ロイドはそう言ってマッドハッターを見つめた。


「あぁ、俺は殺すよアリスを。ゼロが本当のアリスなんだ。偽物は消えて貰う。」


マッドハッターの目には強い殺意が映し出されていた。


とても冷たく恐ろしい殺意だった。


「何にせよ。ゼロが起きない事には…。」


インディバーはそう言ってゼロの髪を撫でた。


ダダダダダダダッ!!!


廊下から乱暴な足音が聞こえて来た。


「た、大変です!!!」


バンッ!!!


ドアを開けて入って来たのはハートの騎士団達だった。


「何かあったのか?」


マッドハッターが尋ねるとハートの騎士団の1人が口を開いた。


「は、早くその子を連れて避難して下さい!!!」


「何?急に…。」


マリーシャは困惑しながらハートの騎士団達に尋ねた。


「Edenの奴等が攻めて来たんです!!!」


「「「「っ!?」」」」


ハートの騎士団達の言葉を聞いてこの場にいた4人は驚愕した。




ハートの城の門前ー


アリスとミハイルは武装した50人の団員を引き連れハートの城に訪れていた。


「この世界もジャックも渡さない。
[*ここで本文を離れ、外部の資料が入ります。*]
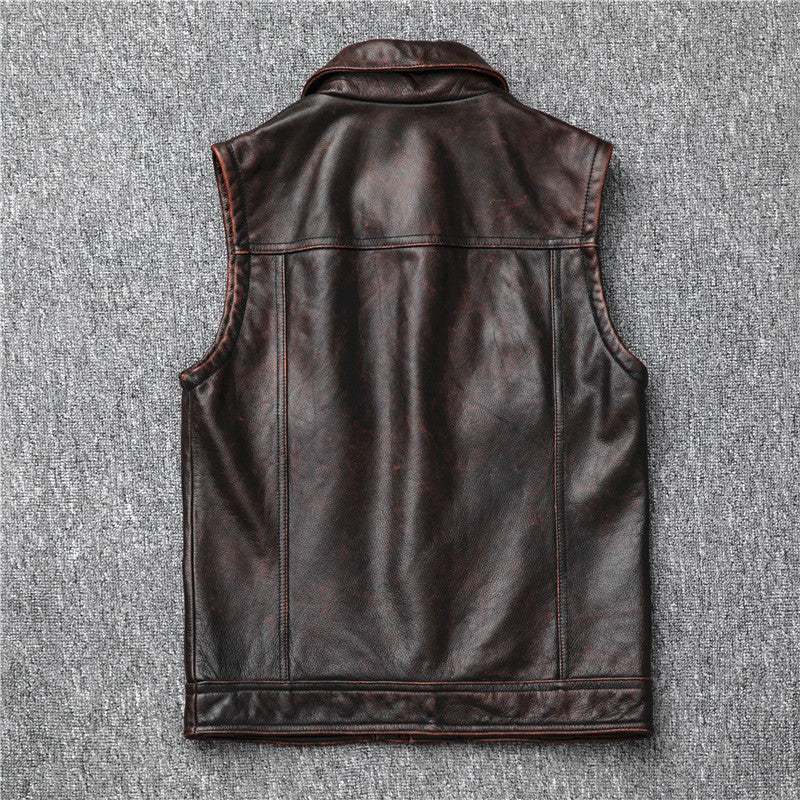 Cropped Slim-fit Leather Vest Made From Genuine Cowhide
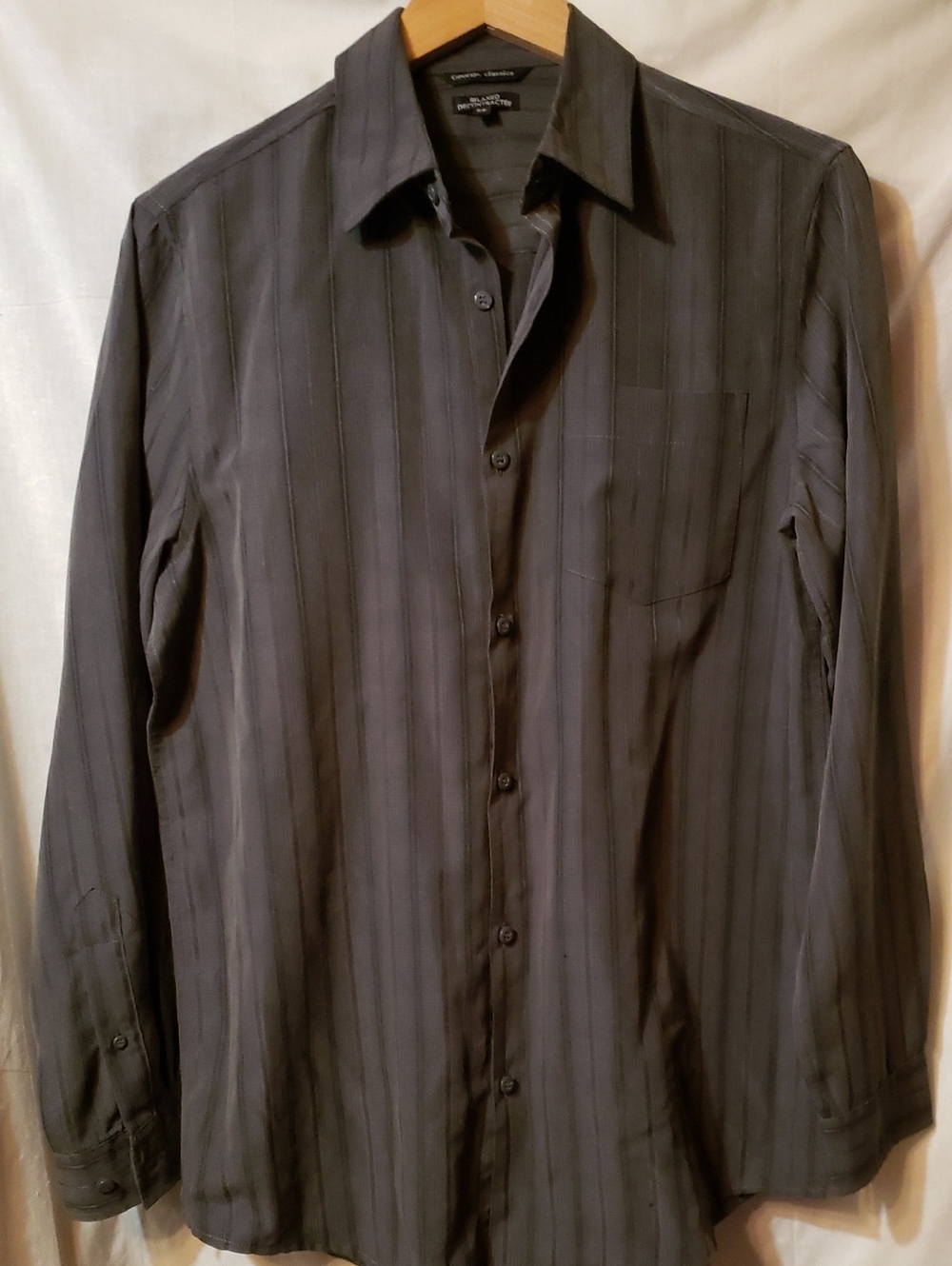 George Men's Dark Gray Vertical-Stripe Dress Shirt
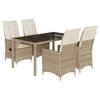 VidaXL Ensemble à manger de jardin avec coussins 5pcs Beige poly rotin, ensemble de salle à manger d'extérieur, meuble de 3276802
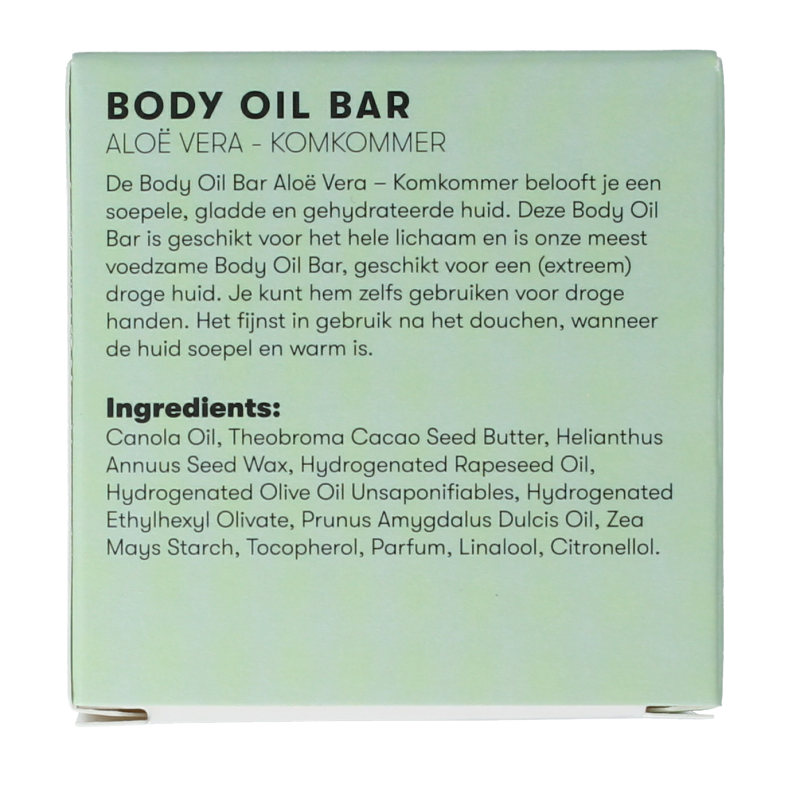 Shampoobars Body oil bar aloe vera & komkommer 45 Gram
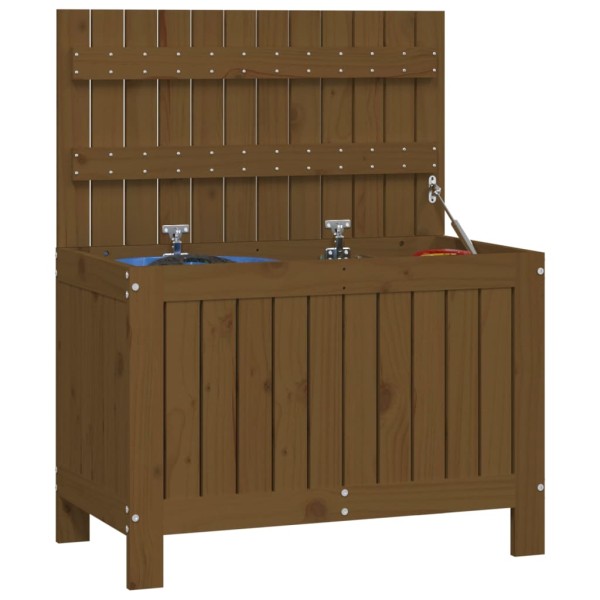 Caja de almacenaje jardín madera pino marrón miel 76x42,5x54 cm Caja de almacenaje jardín madera pino marrón miel 76x42,5x54 cm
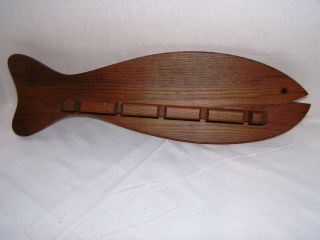 Vintage Whimsical Wood Wall Fish Fishing Pole Rod Holder Rack For 5 Poles
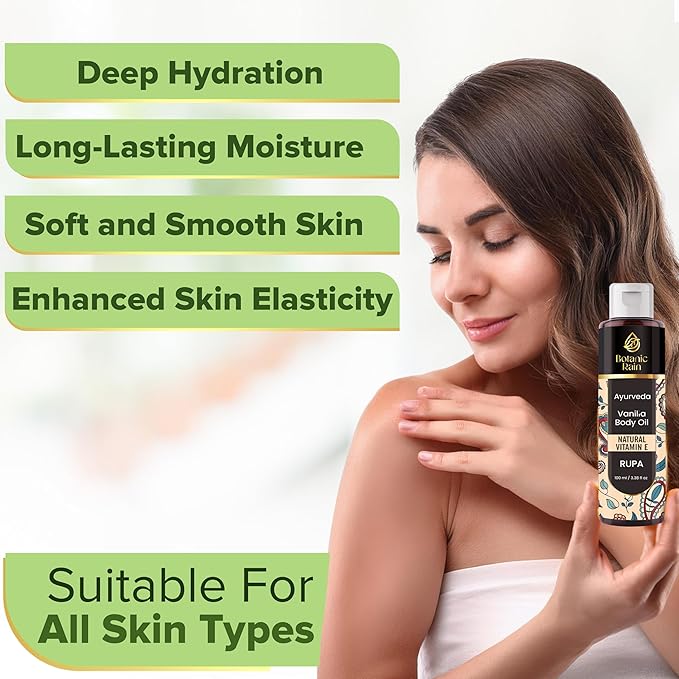 Ayurveda Vanilla Body Oil, Organic, Nourishing, & Hydrating Moisturiser for Dry, Flaky Crepey Skin - Fast Absorbing, Non-Greasy, Ayurvedic for Women & Men – 3.38 fl oz (2)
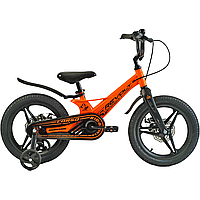 Велосипед детский Corso Revolt 16" магниевая рама оранжевый с дополнительными колесами MG-16055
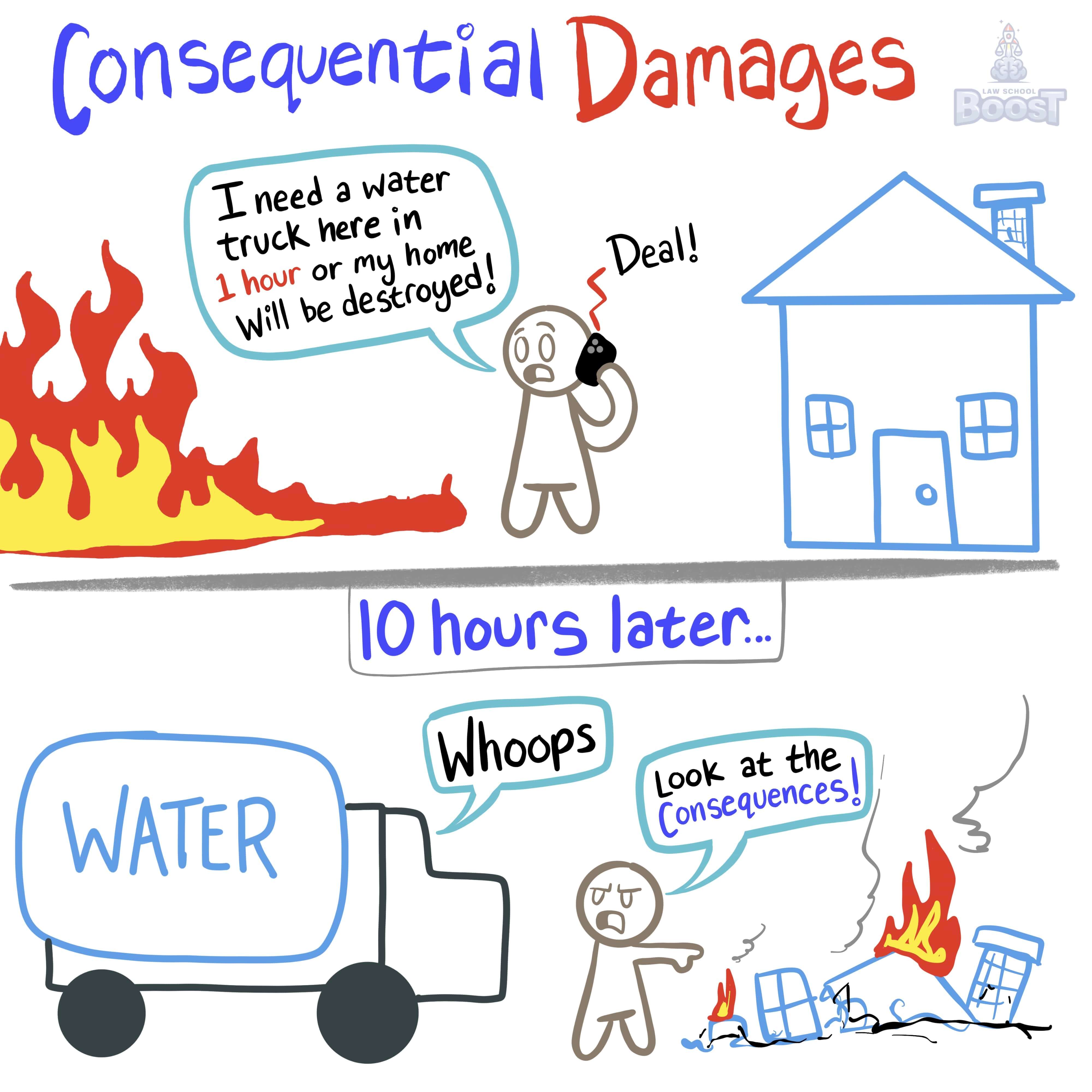 In assessing contract legal remedies, what are consequential damages?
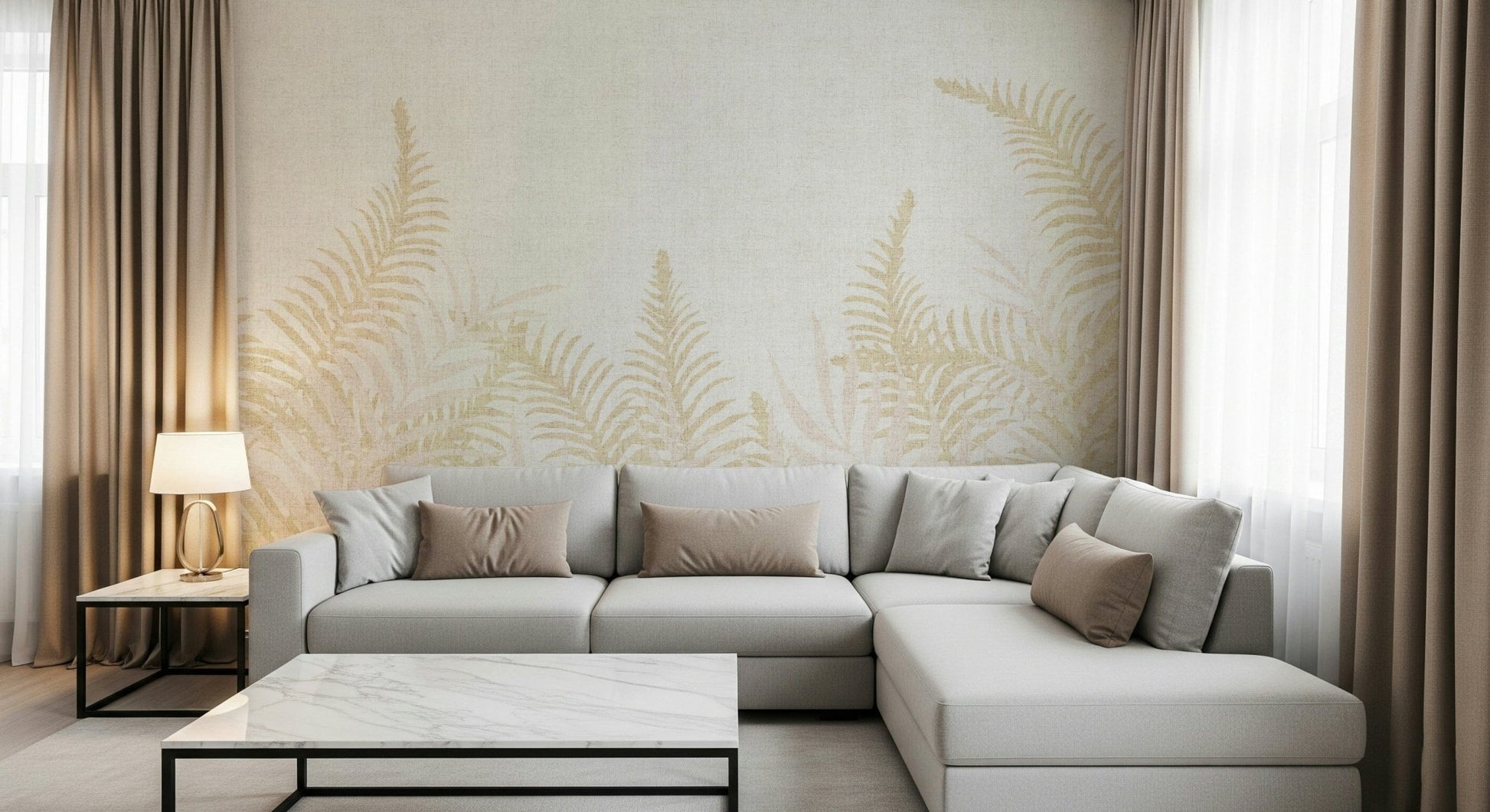 Into The Jungle wall mural, light colored botanical wallcovering.
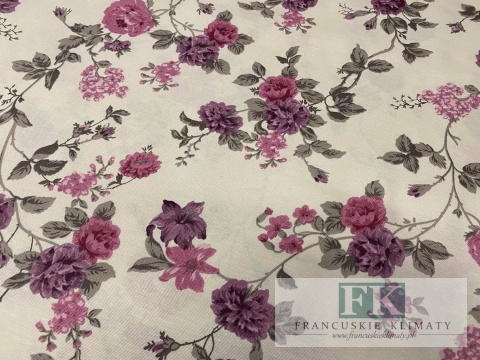 KUPON TKANINA 37 cm x 160 cm KWIATY RÓŻ/FIOLET OKAZJA
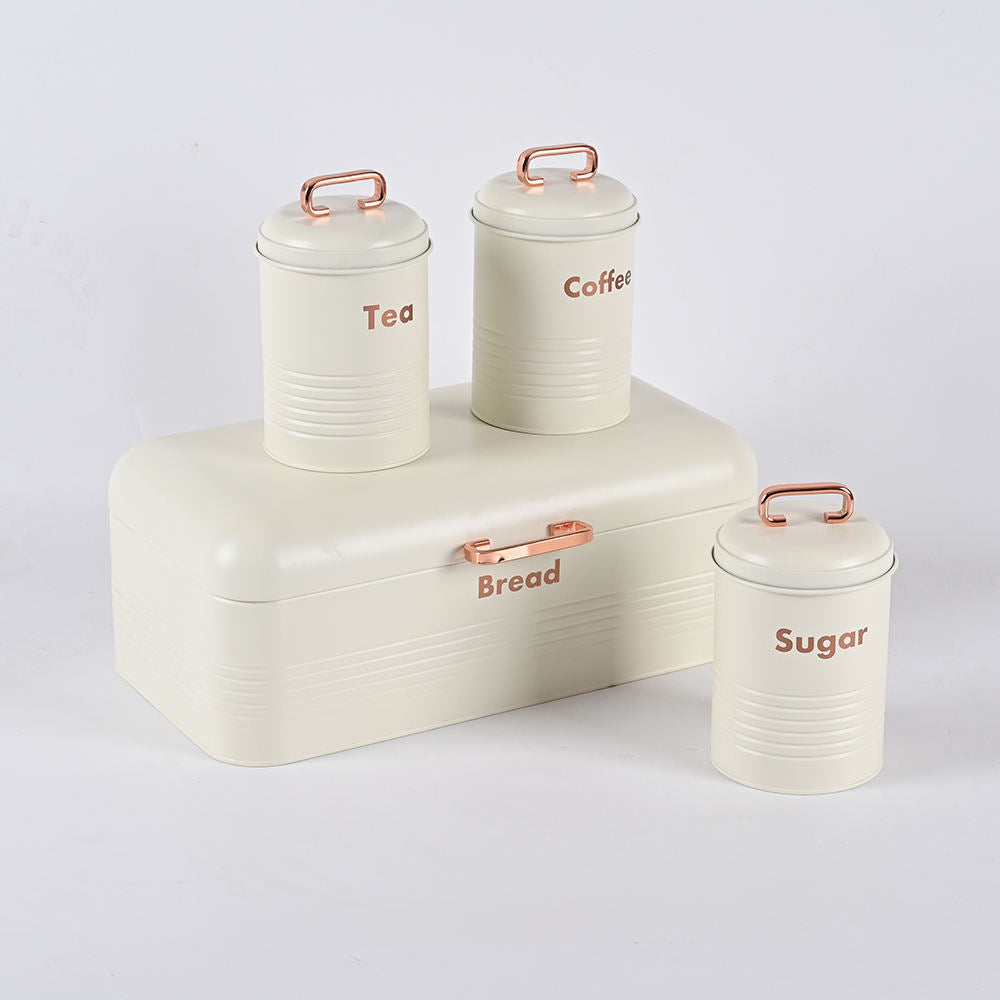 Vintage Metal Bread Box & Kitchen Storage Canister Set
アンタを殺せば

全部、全部あたしのモノになるんだから。」


短くなった爪を噛みながらアリスは呟いた。


爪の間からは血が滲んでいた。


「ミハイル。」


アリスがそう言うとミハイルは腕を振り上げた。


「総員、突撃!!!」


「「「おおおおおおー!!!」」」


ミハイルの言葉を聞いた団員達は一斉にハートの城の中に突入した。